> Instructions to follow: Leave out the pictures and repeat every record exactly.

> Supplied entries:
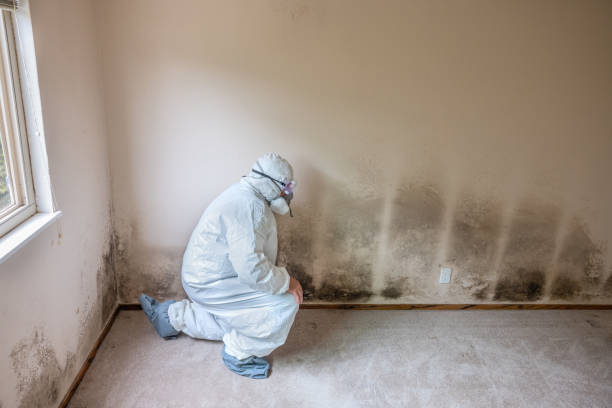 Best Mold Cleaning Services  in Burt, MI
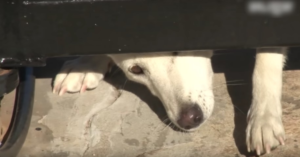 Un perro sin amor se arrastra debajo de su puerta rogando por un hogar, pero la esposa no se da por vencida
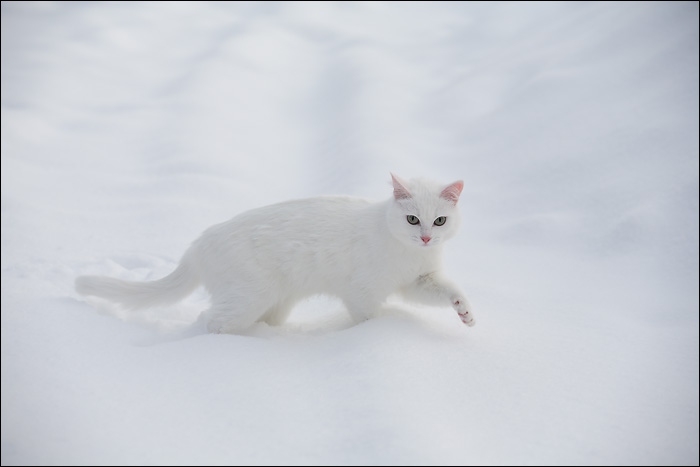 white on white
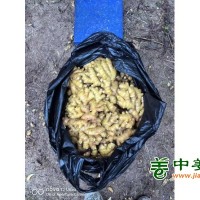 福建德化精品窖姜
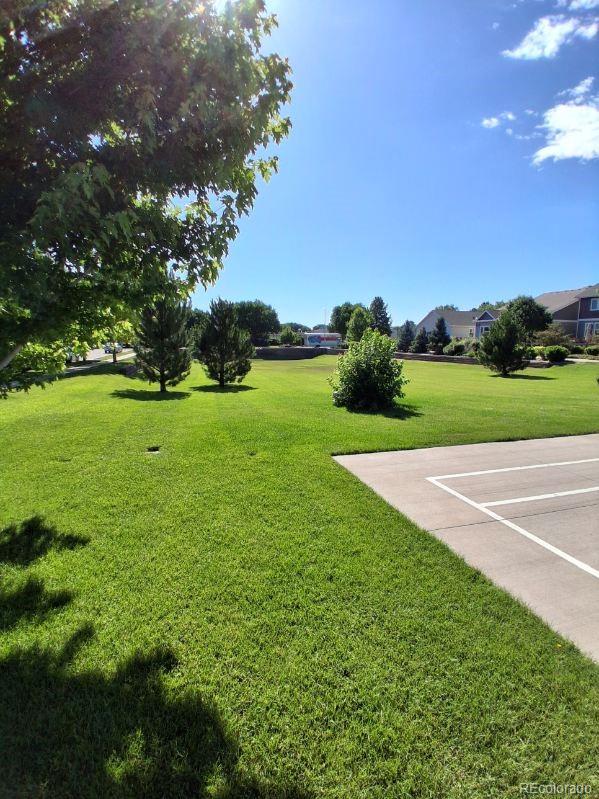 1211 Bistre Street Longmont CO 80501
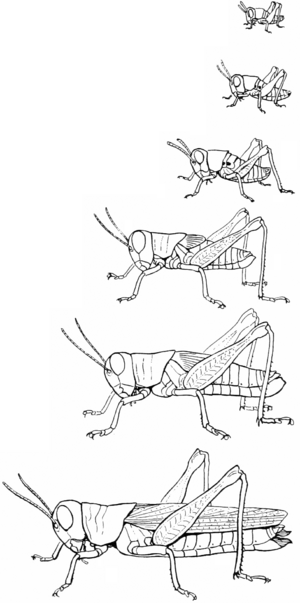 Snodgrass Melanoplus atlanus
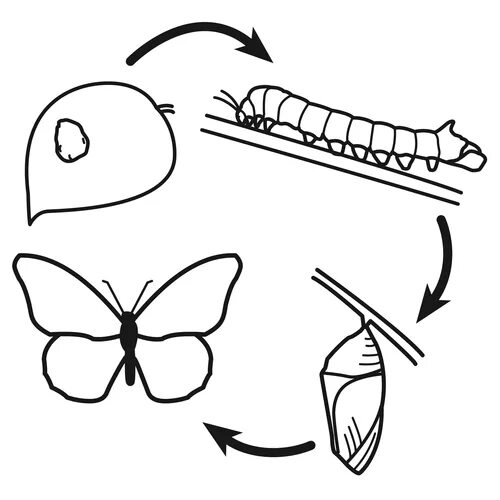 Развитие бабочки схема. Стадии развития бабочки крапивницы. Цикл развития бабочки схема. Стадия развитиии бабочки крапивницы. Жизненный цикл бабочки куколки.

> Output of the task:
 Best Mold Cleaning Services  in Burt, MI
 Un perro sin amor se arrastra debajo de su puerta rogando por un hogar, pero la esposa no se da por vencida
 white on white
 福建德化精品窖姜
 1211 Bistre Street Longmont CO 80501
 Snodgrass Melanoplus atlanus
 Развитие бабочки схема. Стадии развития бабочки крапивницы. Цикл развития бабочки схема. Стадия развитиии бабочки крапивницы. Жизненный цикл бабочки куколки.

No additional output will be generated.